Block Layoffs Spark 'AI-Washing' Debate
The fallout from Block's recent 4,000-person layoff is fueling a debate over "AI-washing." While Jack Dorsey framed the cuts as a move toward AI-driven efficiency, some analysts suspect it's a cover for broader cost-cutting. The move has stoked fears of an AI-driven jobs apocalypse, raising the bar for companies to prove genuine productivity gains from automation.
In a letter to shareholders, Jack Dorsey stated the cuts reducing staff from over 10,000 to just under 6,000 were not due to financial distress, citing a 24% quarterly jump in gross profit. Following the announcement, Block's stock price surged more than 20% in after-hours trading.
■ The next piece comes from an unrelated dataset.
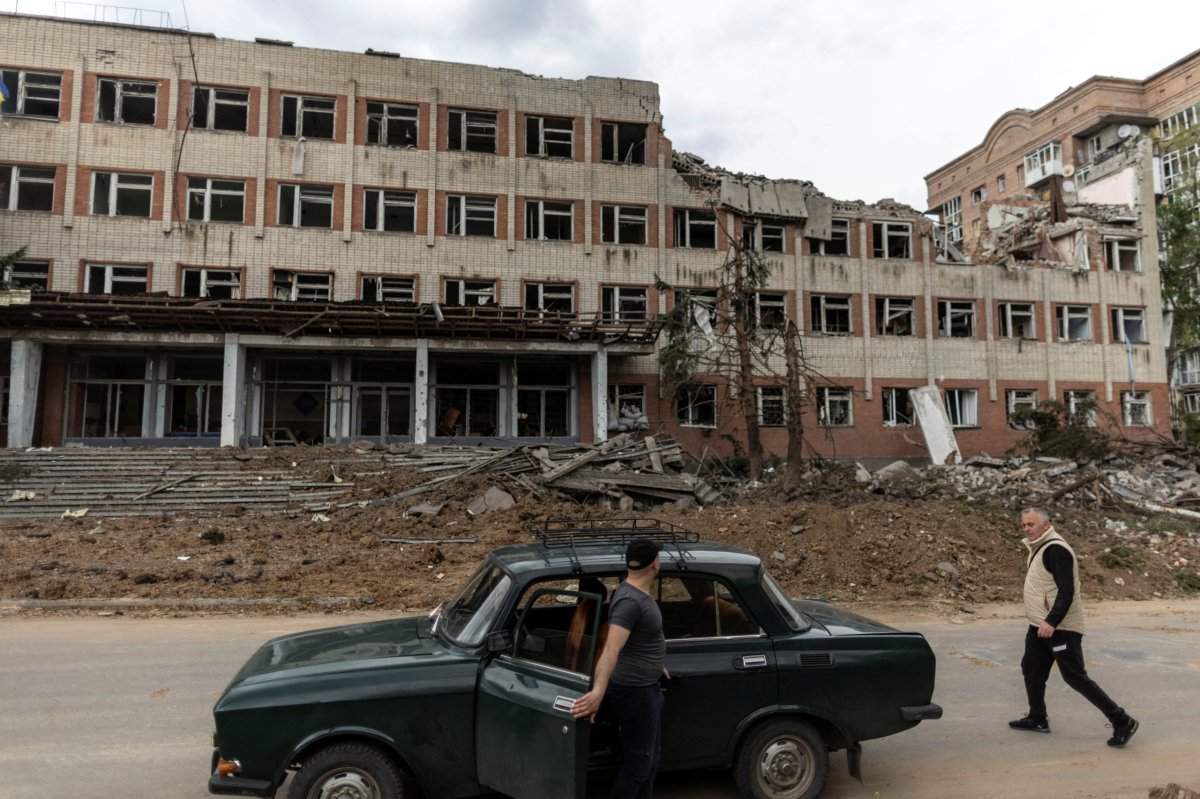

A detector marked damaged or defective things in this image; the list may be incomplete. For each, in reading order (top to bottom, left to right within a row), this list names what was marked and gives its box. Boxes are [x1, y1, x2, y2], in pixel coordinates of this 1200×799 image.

broken facade [0, 12, 1168, 460]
Skepticism surrounding the AI justification points to Block's rapid expansion, with its workforce growing from about 3,800 employees in 2019 to more than 10,000 in 2025. One analyst described the layoffs as a combination of "AI efficiency gains and an overdue clean-up of corporate bloat." The term "AI-washing" describes the marketing tactic of overstating the role of artificial intelligence, similar to "greenwashing" for environmental claims. The practice has drawn scrutiny from regulators, with the SEC warning companies against making misleading statements about their use of AI to investors. Other tech giants have made similar moves. Salesforce's CEO said the company needed "less heads" due to AI, while Amazon and Pinterest cut jobs to reinvest in AI initiatives. In a cautionary tale, Klarna's CEO also credited AI for workforce reduction but later had to re-hire staff after the technology proved insufficient. Despite the headlines, the immediate, large-scale replacement of workers by AI may be overstated. A late 2025 survey of over 1,000 executives found that while many were slowing hiring due to the promise of AI, only 2% were making cuts related to its actual implementation. For engineers, the rise of AI-powered coding assistants is shifting the role from pure code production to higher-level tasks. The focus is increasingly on system design, strategic problem-solving, and acting as reviewers and integrators for AI-generated code. This shift is creating a demand for new skills, including prompt engineering, data literacy, and critical evaluation of AI outputs. While over 80% of developers report higher productivity with AI tools, more than 40% say the gains are only slight, indicating a growing skills gap. Dorsey predicted that the "majority of companies will reach the same conclusion and make similar structural changes” within the next year, signaling a potential acceleration of AI-justified workforce restructuring across the tech industry.